→ **TASK ITEM**:
When the line containing "Image showing Advisor 1 Line 1 input field" appears in the entries below, begin printing there and stop after the line containing "Cow Farm Metal"; print each of those lines exactly and no other line.

→ **RECORDS FOR THIS EXERCISE**:
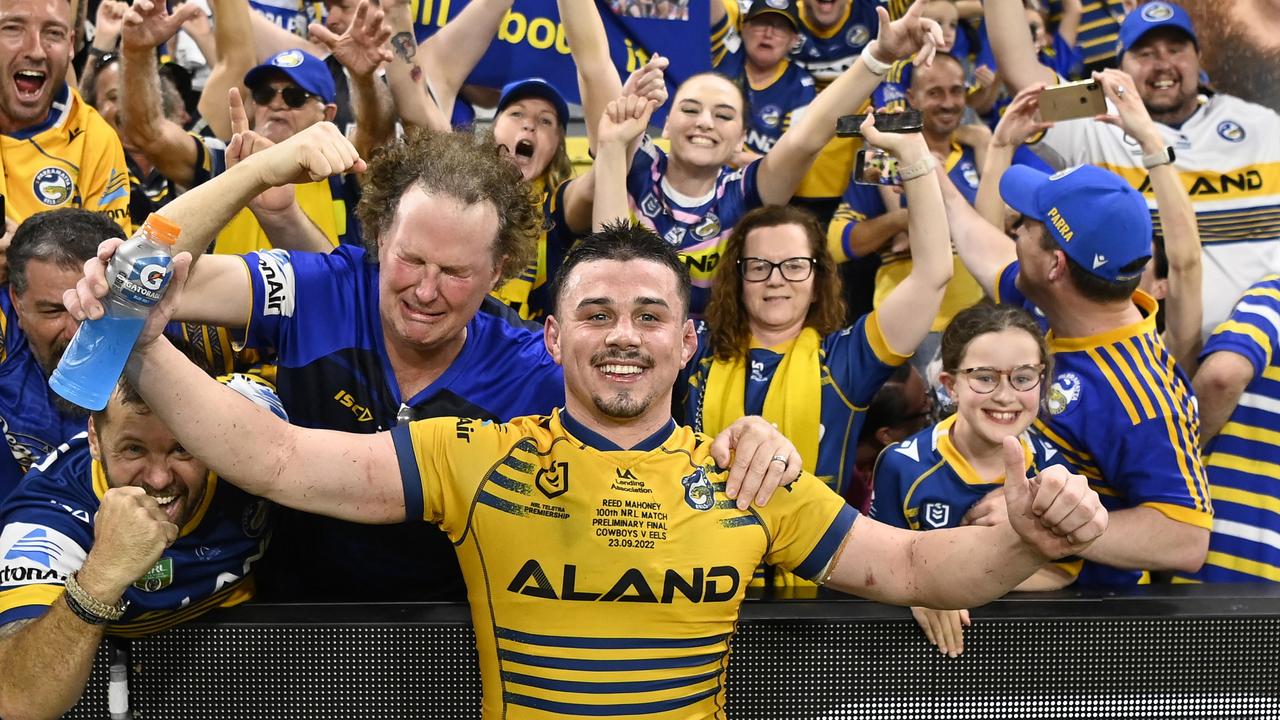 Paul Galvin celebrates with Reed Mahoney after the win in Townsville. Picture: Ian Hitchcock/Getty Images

==

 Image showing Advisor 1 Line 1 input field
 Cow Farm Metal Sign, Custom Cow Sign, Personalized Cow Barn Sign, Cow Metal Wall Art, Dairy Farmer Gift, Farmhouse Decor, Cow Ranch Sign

→ **PROBLEM SOLUTION**:
 Image showing Advisor 1 Line 1 input field
 Cow Farm Metal Sign, Custom Cow Sign, Personalized Cow Barn Sign, Cow Metal Wall Art, Dairy Farmer Gift, Farmhouse Decor, Cow Ranch Sign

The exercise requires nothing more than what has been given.